(Work task) Copy the listing verbatim, excluding any images found in it.

(Supplied records)
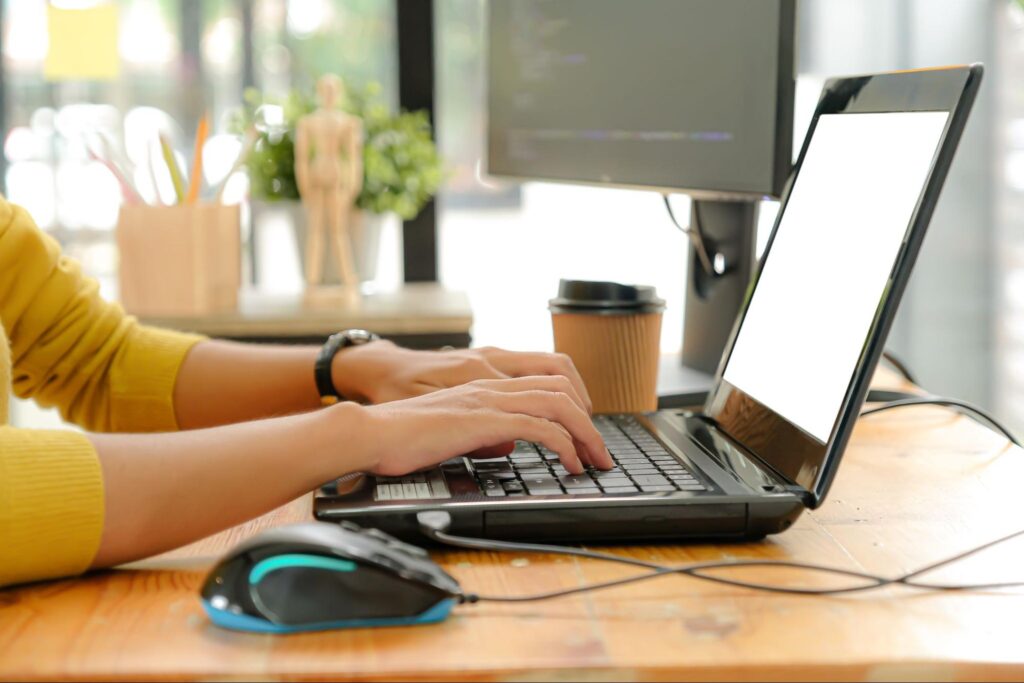 Женщина за рабочим столом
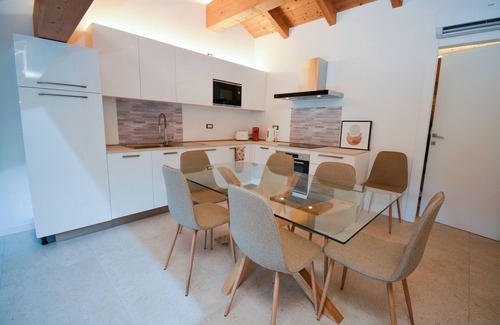 Rivoli Veronese Apartment | Residence Corte Bellebarbe - Terracotta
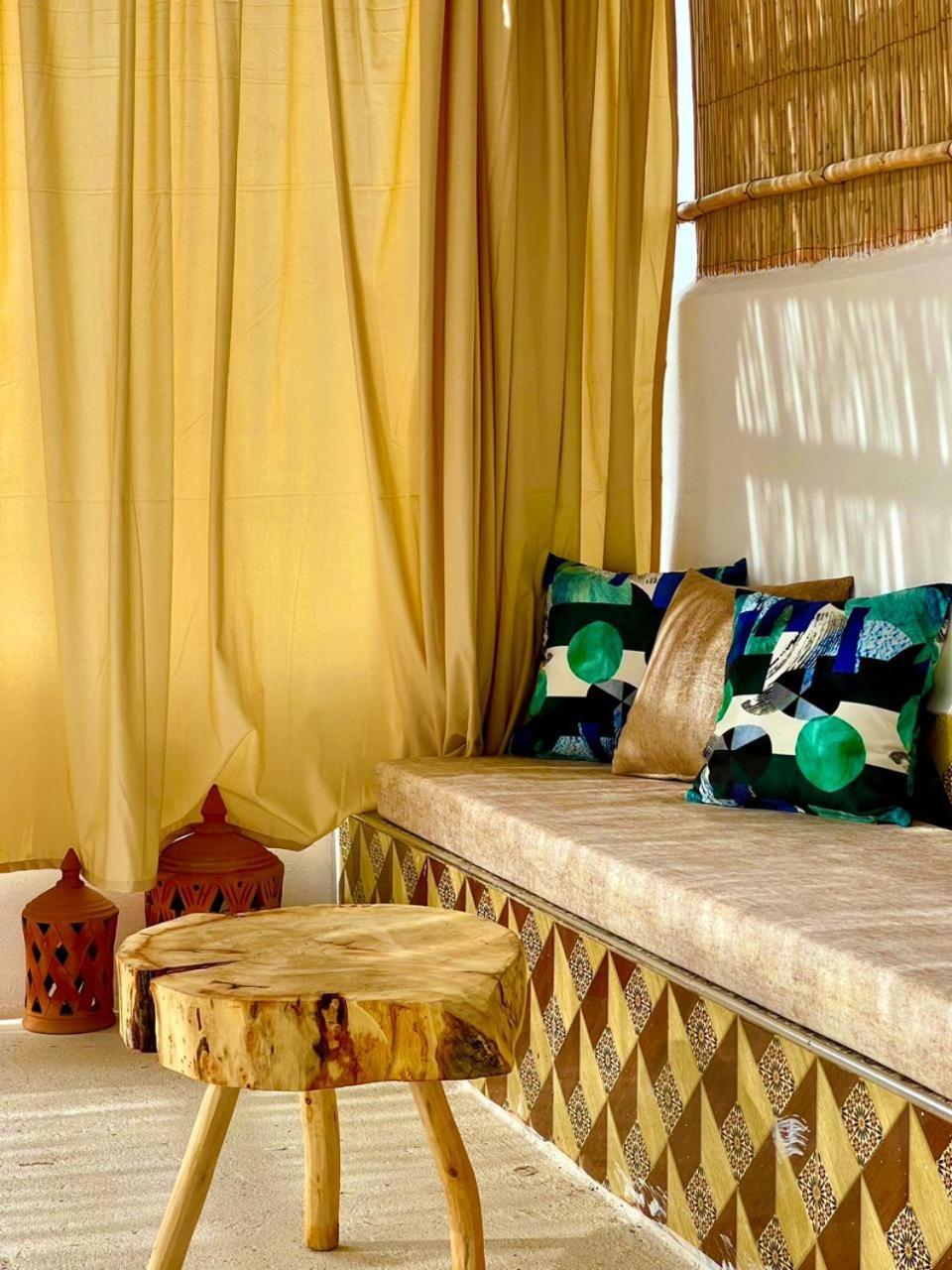 Tamraght Surf & Salsa Ocean House B&B 외부 사진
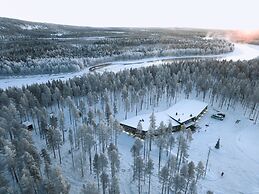 Balder Luxury Lodge & Glass Igloos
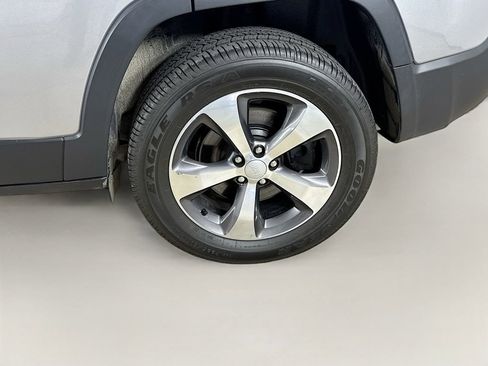 Used 2019 Jeep Cherokee Limited AWD/4WD image 26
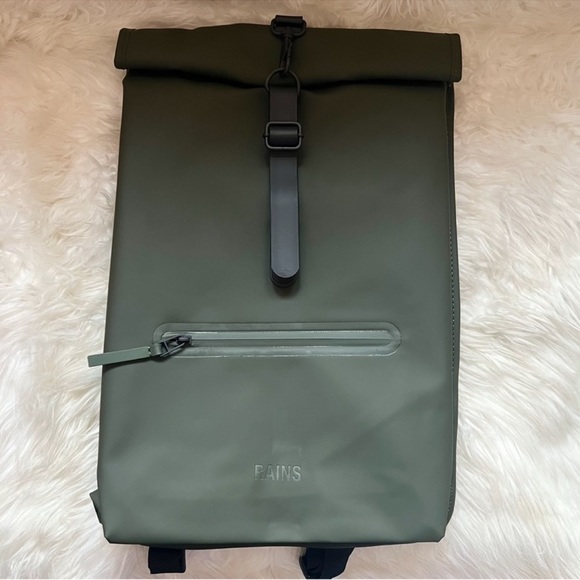 New! RAINS Waterproof Rolltop Rucksack Backpack - Picture 8 of 13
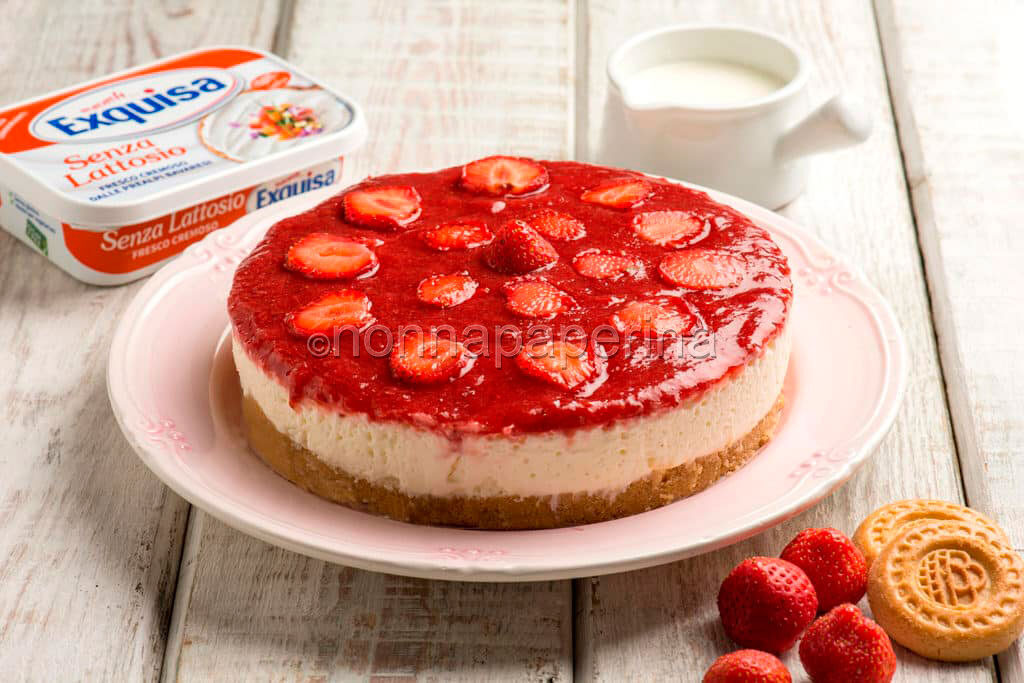 Cheesecake alle fragole e formaggio, un dolce classico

(Answer space)
 Женщина за рабочим столом
 Rivoli Veronese Apartment | Residence Corte Bellebarbe - Terracotta
 Tamraght Surf & Salsa Ocean House B&B 외부 사진
 Balder Luxury Lodge & Glass Igloos
 Used 2019 Jeep Cherokee Limited AWD/4WD image 26
 New! RAINS Waterproof Rolltop Rucksack Backpack - Picture 8 of 13
 Cheesecake alle fragole e formaggio, un dolce classico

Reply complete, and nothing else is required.